Ticky Tacky Never Looked So Good


On a winter break from college, I sat bored and lonely looking out a kitchen window in suburban New Jersey. One of the tertiary benefits of college is dorm life: You’re constantly surrounded by dozens of friends, most of whose doors sit wide-open while they watch videos on YouTube. (A closed door may just mean a full room and a packed bowl.) But in the burbs, people ensconce themselves in brick and vinyl siding, castles bridged by green lawns and moated by “Beware of Dog” signs. It all seemed so cloistered and remote.

A few years after I graduated, I sat bored and lonely on a Brooklyn rooftop. Life in the city has the allure of everything you can imagine within an hour’s subway ride, and the curse of knowing you’re not doing any of it. I watched a parade of F trains wind down from the elevated station in Gowanus, I watched the traffic build up on the BQE. The Statue of Liberty was watching too, her torch a mirror of my Miller High Life.
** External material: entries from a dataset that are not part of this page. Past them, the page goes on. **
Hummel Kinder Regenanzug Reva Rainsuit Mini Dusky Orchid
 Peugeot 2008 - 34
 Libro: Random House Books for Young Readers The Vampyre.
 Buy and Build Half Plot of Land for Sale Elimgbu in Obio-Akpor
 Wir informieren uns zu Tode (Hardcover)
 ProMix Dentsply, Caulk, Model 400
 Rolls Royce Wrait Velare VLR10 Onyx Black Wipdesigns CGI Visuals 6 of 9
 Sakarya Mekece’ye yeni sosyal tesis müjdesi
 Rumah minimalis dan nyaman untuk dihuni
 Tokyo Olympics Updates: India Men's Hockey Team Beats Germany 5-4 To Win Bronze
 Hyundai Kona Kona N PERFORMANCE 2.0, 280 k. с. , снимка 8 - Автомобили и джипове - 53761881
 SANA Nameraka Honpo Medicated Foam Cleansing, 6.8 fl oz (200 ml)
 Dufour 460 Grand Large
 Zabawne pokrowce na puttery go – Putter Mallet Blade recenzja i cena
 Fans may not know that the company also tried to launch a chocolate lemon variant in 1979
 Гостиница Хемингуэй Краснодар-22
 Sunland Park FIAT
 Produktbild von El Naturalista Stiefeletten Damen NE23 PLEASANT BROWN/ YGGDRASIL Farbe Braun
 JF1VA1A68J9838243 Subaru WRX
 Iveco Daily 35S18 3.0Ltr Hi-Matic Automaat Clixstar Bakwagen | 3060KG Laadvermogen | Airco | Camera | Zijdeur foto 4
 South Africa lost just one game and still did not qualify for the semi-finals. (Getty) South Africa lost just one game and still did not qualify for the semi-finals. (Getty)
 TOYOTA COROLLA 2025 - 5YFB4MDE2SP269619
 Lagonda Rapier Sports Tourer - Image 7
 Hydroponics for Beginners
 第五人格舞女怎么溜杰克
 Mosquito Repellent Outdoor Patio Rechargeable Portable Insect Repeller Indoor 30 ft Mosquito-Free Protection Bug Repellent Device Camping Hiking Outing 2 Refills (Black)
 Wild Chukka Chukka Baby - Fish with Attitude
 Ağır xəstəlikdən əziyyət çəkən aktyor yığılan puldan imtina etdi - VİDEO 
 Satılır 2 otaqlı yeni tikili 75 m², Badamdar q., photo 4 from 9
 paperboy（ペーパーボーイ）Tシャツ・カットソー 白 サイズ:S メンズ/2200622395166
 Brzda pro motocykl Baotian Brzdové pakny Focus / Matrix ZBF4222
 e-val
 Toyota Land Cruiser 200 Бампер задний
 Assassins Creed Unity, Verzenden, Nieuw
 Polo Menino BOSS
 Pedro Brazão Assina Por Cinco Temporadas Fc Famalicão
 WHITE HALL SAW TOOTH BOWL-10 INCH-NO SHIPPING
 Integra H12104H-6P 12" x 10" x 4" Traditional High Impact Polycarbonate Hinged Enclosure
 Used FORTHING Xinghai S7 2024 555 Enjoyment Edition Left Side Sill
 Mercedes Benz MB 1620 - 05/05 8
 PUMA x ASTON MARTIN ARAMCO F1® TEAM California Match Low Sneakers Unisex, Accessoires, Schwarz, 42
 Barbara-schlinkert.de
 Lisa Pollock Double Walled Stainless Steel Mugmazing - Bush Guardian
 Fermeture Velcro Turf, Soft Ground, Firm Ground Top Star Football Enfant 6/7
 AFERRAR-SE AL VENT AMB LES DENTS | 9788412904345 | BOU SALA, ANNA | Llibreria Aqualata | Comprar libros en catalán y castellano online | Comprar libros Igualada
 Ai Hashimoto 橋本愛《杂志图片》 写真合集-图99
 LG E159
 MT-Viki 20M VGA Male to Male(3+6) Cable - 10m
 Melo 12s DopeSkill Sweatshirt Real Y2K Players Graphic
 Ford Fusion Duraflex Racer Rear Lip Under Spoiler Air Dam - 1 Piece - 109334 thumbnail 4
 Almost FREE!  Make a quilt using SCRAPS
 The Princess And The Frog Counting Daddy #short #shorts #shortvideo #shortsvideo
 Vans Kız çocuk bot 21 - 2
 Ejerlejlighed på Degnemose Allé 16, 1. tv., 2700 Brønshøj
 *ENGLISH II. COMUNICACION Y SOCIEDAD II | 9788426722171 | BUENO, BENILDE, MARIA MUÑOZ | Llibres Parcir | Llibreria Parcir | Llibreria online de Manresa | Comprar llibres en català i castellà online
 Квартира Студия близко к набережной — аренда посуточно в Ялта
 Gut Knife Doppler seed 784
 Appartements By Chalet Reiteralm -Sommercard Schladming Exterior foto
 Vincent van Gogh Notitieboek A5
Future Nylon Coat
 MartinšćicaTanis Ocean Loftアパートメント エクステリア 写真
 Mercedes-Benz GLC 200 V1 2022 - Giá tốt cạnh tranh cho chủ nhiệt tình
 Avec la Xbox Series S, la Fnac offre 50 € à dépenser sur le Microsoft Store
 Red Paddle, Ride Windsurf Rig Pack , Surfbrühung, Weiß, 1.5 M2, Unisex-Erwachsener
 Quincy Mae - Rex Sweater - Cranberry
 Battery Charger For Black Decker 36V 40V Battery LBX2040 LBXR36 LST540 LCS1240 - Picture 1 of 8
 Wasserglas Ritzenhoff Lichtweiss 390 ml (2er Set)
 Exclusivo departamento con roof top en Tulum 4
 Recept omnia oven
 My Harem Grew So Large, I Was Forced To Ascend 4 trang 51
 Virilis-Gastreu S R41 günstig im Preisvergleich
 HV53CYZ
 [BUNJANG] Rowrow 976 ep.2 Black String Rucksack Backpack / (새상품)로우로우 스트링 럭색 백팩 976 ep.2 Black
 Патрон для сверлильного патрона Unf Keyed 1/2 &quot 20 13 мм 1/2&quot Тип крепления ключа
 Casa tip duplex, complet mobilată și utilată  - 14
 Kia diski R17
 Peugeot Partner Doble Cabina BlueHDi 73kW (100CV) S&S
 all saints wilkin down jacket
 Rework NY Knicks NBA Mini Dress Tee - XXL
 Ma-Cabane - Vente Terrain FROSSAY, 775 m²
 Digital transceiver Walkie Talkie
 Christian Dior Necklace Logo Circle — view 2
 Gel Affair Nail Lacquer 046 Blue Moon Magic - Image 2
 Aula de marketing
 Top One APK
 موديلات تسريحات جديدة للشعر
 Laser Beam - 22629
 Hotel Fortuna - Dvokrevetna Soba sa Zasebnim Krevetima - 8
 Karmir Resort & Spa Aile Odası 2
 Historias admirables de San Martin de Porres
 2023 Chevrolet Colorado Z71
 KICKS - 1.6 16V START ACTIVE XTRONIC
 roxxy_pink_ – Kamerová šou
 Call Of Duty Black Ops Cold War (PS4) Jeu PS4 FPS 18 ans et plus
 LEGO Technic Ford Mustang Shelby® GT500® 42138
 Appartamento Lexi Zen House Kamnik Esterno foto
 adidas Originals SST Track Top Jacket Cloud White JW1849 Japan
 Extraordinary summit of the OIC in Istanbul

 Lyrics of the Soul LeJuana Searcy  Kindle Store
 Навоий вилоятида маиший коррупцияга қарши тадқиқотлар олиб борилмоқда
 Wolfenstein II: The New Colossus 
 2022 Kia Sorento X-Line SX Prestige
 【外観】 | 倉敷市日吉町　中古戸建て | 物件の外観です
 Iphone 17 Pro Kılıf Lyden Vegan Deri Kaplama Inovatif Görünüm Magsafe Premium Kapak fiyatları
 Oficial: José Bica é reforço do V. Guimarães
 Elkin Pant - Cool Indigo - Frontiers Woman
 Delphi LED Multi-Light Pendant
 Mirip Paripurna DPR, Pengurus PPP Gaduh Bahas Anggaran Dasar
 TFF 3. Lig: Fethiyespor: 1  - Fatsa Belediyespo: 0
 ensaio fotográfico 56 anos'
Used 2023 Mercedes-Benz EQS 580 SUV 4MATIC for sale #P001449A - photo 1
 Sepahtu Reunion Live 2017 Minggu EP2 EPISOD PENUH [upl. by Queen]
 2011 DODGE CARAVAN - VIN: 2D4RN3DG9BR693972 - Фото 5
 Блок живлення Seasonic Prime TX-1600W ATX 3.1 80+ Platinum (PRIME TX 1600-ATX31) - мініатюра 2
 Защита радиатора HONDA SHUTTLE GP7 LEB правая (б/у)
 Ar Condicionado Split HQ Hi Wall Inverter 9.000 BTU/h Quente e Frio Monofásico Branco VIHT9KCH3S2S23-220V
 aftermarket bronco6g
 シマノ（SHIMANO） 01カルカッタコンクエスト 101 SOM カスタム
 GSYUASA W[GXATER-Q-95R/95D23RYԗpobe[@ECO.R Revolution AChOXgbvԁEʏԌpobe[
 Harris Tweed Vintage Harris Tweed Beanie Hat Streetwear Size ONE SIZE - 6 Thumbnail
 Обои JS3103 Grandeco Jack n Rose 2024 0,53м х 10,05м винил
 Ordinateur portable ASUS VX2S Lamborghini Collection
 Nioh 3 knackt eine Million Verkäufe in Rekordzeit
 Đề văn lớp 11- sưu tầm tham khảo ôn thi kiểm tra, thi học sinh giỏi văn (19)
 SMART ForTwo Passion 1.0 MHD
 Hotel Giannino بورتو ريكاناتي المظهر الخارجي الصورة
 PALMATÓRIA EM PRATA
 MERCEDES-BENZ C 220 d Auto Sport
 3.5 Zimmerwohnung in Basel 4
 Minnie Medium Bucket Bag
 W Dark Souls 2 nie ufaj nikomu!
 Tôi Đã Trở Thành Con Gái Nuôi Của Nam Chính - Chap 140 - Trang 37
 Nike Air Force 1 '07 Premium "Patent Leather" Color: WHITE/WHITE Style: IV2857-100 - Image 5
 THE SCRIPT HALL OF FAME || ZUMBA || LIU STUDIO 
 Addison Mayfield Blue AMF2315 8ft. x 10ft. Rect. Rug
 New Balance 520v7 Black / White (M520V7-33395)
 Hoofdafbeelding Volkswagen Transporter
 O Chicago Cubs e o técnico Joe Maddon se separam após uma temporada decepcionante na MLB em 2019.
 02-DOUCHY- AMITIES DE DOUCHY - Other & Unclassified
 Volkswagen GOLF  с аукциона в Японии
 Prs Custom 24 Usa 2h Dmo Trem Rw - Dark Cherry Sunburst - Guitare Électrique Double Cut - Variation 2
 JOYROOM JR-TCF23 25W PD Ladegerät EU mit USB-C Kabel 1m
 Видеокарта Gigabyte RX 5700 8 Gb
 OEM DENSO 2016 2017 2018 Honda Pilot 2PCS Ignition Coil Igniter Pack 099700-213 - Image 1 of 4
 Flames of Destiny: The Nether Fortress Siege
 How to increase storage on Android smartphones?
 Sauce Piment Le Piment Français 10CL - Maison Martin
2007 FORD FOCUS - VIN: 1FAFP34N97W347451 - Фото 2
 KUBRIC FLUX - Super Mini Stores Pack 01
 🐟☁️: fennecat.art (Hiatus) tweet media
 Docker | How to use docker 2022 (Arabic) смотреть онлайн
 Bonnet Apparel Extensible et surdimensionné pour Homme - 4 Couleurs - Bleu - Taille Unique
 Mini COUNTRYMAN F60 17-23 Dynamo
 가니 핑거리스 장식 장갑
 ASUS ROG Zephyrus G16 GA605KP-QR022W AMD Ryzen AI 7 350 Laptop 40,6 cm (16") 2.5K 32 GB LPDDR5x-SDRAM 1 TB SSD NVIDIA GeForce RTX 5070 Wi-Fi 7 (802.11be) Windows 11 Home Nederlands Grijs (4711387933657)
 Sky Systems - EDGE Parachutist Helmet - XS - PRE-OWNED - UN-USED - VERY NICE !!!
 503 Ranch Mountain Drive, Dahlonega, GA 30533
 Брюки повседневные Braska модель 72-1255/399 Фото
The suburbs have been fodder for dread porn ever since Americans learned to stop worrying about daily survival. But when we found out my wife was pregnant, suddenly our studio on the quietest block in Harlem seemed like a minefield. The thought of a leisurely day trip turned into a Spartan race of strollers, diaper changes in the nearest Starbucks and deadlifts of gallon jugs of hand sanitizer. Every time I saw a stroller tip gingerly at the top of a subway stairwell, I saw parenting in the city as a liability. We needed a place where the world’s tiniest humans had enough room to be their irresponsible selves without inconveniencing the cosmos around them.

So we moved to Bergen County. My mornings once sound-tracked by sirens now have only lawn-care Wednesdays to contend with. At night I hear crickets and watch the tall grasses sway in the man-made pond behind our building. A trip to the grocery is a stroll to the car instead of a Herculean cart-push up the mountain of 145th street. Life is better in so many ways.

But just as I saw the wonders of college dorm life from a kitchen window, I now see city life better when watching digital satellite television. I miss walking everywhere, the accidental exercise you get just navigating the neighborhood. I miss the morning bacon-egg-cheese at the bodega, saying hi to the mouser cat in the back of the store. I miss seeing thousands upon thousands of strangers every day, up close and personal, wondering who they are or where they’re going or why they’re taking up an extra subway seat with their bag (unless it’s a diaper bag, of course, then more power to them). Mostly I miss knowing that for $2.50 and a book, I can ride anywhere in the city and eat every kind of food in the world. But when I look at my new daughter kicking on the changing table, gearing up for her first day in the almost empty park that sits 20 feet from my front door, I know we made the right call. And I know she’ll disagree, as soon as she’s old enough to be bored.